Итак — «Чужое имя». В главной роли — Саранцев, я его часто встречал на улице Черняховского, когда жил там, он ходил совсем уже старый, не снимался, никто его, кажется, кроме меня, не узнавал, а я всё хотел сказать ему что-нибудь хорошее, но так и не собрался.
Кадр из фильма «Чужое имя», реж. И. Шульман, 1966 г.

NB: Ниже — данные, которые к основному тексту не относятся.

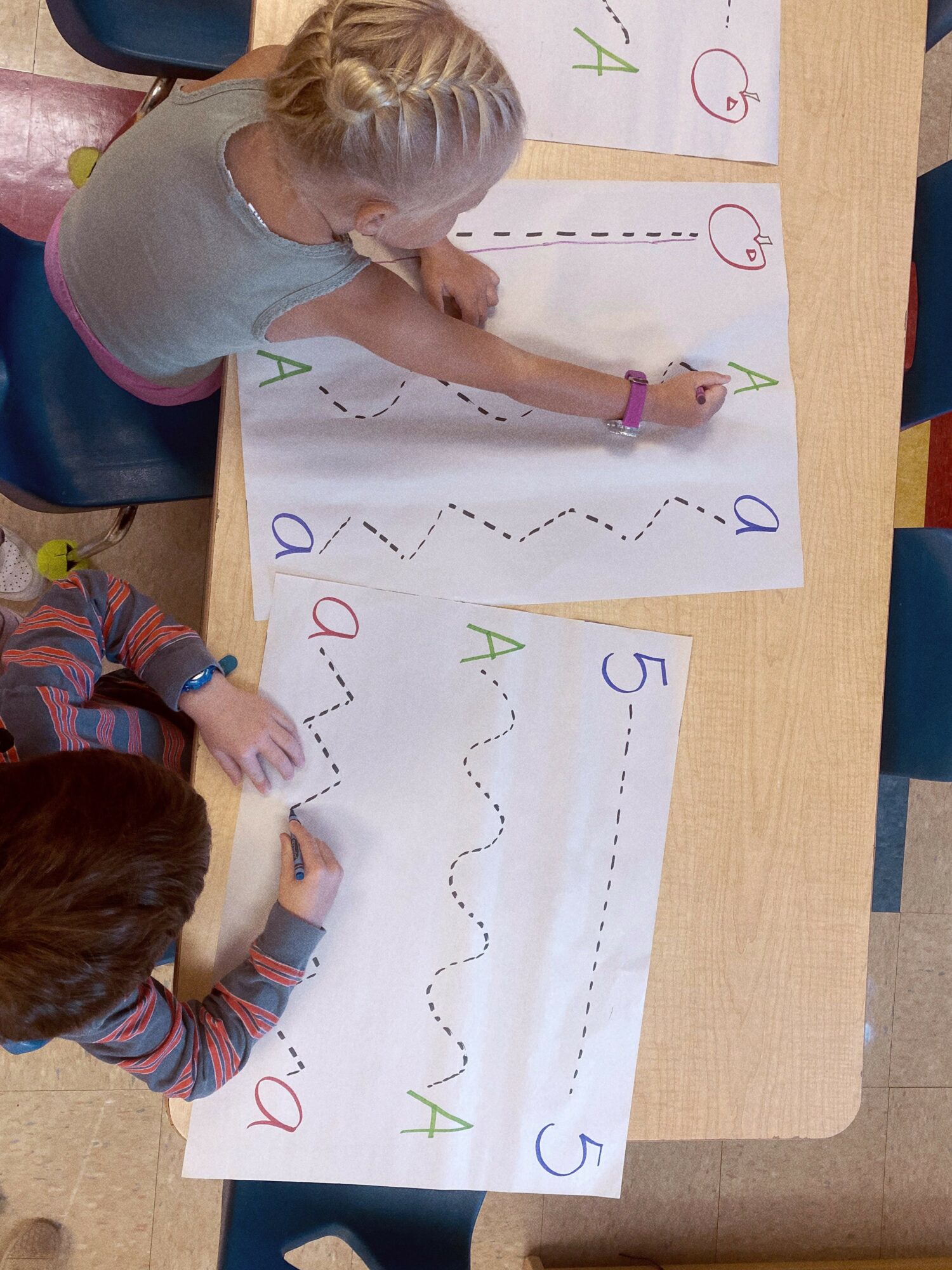 Two children draw zigzag lines on large paper with colorful markers, practicing writing patterns.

Фильм начинается с того, что прекрасный актёр Панков (вы его точно знаете по «Волшебной силе искусства» с Райкиным) встречает Клару Лучко в кафе с видом на автостраду и под магомаевскую «Голубую тайгу». А Саранцев как раз у него шофёр, и по фамилии он вроде должен быть первым мужем Лучко, но та его в упор не узнаёт, и тут начинается мутная история с присвоенным именем (за девять лет до «Профессии: репортёр», заметим в скобках), уходящая в партизанское прошлое (с неизменным Масюлисом в нацистской форме), но заканчивающаяся по справедливости. «Вот так всю жизнь у меня двойка по поведению», — сокрушённо резюмирует Саранцев в какой-то момент.
Кадр из фильма «Чужое имя», реж. И. Шульман, 1966 г.

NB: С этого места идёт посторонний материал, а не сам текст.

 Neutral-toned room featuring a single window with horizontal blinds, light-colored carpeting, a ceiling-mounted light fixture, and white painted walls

Почему-то именно советские актёры дают простор сразу и для покоя, и для грёз. С одной стороны, они как никакие другие лицедеи преисполнены онтологической основательности. А с другой стороны — в них вечно гарцует вся семантика возможных миров. Ведь та же Лучко при ближайшем рассмотрении вообще могла бы стать кем-то типа нашей Сильваны Мангано — неплохо бы смотрелась, например, в «Татуированной розе» и вообще во всех фантазиях Уильямса, а не в одних только «Возвращении Будулая» да «Опекуне». Что до Панкова, так это просто наш Мельвин Дуглас, и где, спрашивается, его «Ниночка»? А мой бывший сосед Саранцев? В принципе, что-то от Эдварда Джей Робинсона в нём есть — ну или могло быть.

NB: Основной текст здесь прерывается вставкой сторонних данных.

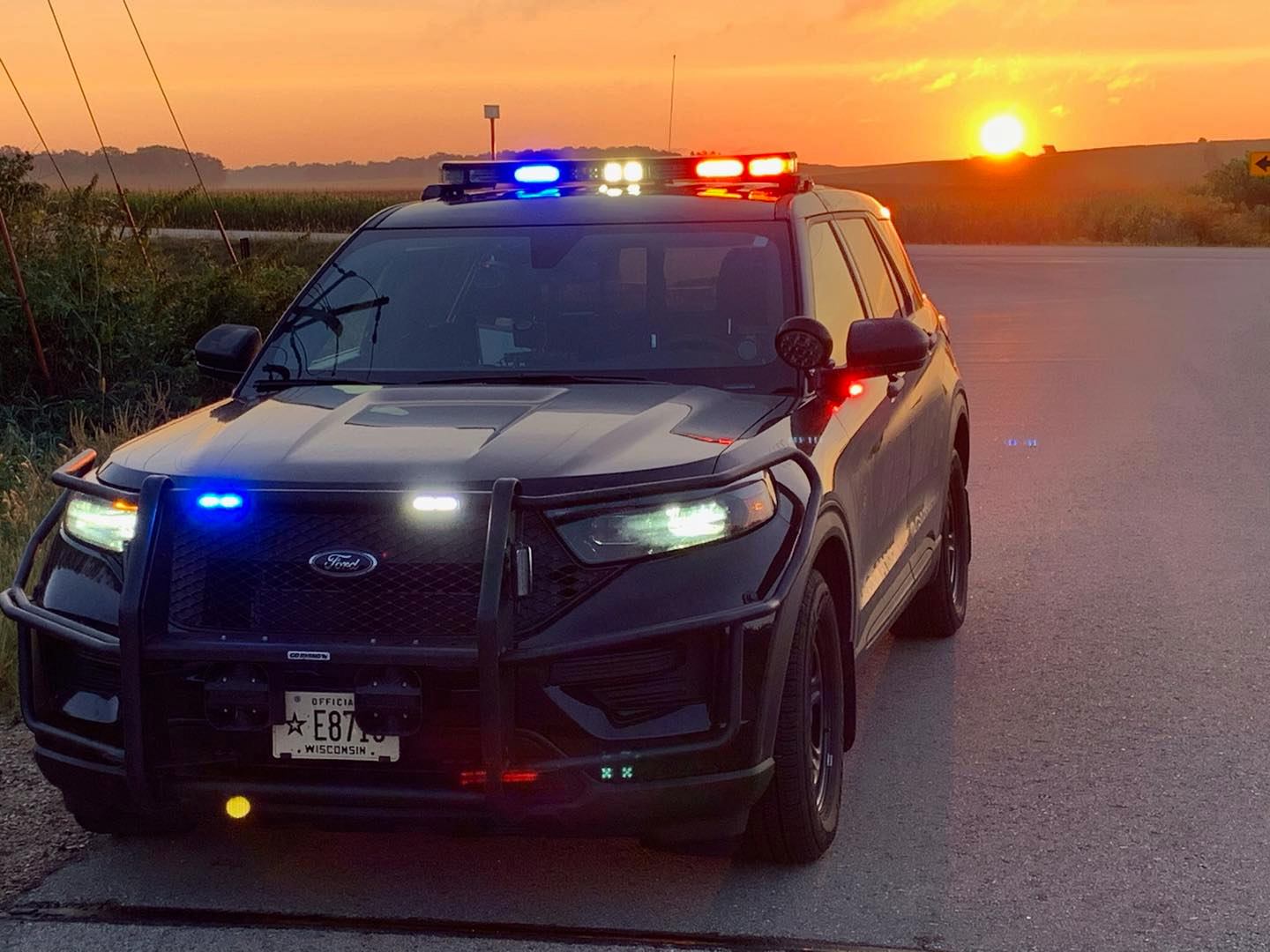 A police car parked in front of a sunset A police car parked in front of a sunset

Интересно и про режиссёра. Этот фильм снял фронтовик Иосиф Шульман — у него сперва сын сбежал в Канаду, создав ему известные проблемы, в итоге он и сам уехал в Австралию, где и умер в 1990 году.
В сороковые он был тяжело ранен и потом снимал кино строго про войну (исключение — картина «Криницы») — например, у него был очень недурной фильм «Парашюты на деревьях» по книге другого белоруса и тоже героя войны Наполеона Ридевского. Наполеон Фелицианович его звали, если точнее. И сегодня я думаю его почитать на ночь.